Until the last line is reached, keep transcribing the material exactly.

* * * * *

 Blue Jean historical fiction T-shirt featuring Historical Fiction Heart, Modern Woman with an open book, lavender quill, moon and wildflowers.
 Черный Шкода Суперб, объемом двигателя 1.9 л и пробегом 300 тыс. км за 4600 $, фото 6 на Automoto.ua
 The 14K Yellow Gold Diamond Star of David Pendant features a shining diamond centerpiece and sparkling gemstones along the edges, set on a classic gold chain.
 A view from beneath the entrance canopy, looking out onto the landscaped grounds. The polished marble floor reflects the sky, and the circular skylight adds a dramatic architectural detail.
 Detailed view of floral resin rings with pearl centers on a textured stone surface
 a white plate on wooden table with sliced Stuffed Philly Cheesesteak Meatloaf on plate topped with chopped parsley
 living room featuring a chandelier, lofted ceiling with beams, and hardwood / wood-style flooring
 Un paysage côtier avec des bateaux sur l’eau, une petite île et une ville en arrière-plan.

* * * * *

## Response below
 Blue Jean historical fiction T-shirt featuring Historical Fiction Heart, Modern Woman with an open book, lavender quill, moon and wildflowers.
 Черный Шкода Суперб, объемом двигателя 1.9 л и пробегом 300 тыс. км за 4600 $, фото 6 на Automoto.ua
 The 14K Yellow Gold Diamond Star of David Pendant features a shining diamond centerpiece and sparkling gemstones along the edges, set on a classic gold chain.
 A view from beneath the entrance canopy, looking out onto the landscaped grounds. The polished marble floor reflects the sky, and the circular skylight adds a dramatic architectural detail.
 Detailed view of floral resin rings with pearl centers on a textured stone surface
 a white plate on wooden table with sliced Stuffed Philly Cheesesteak Meatloaf on plate topped with chopped parsley
 living room featuring a chandelier, lofted ceiling with beams, and hardwood / wood-style flooring
 Un paysage côtier avec des bateaux sur l’eau, une petite île et une ville en arrière-plan.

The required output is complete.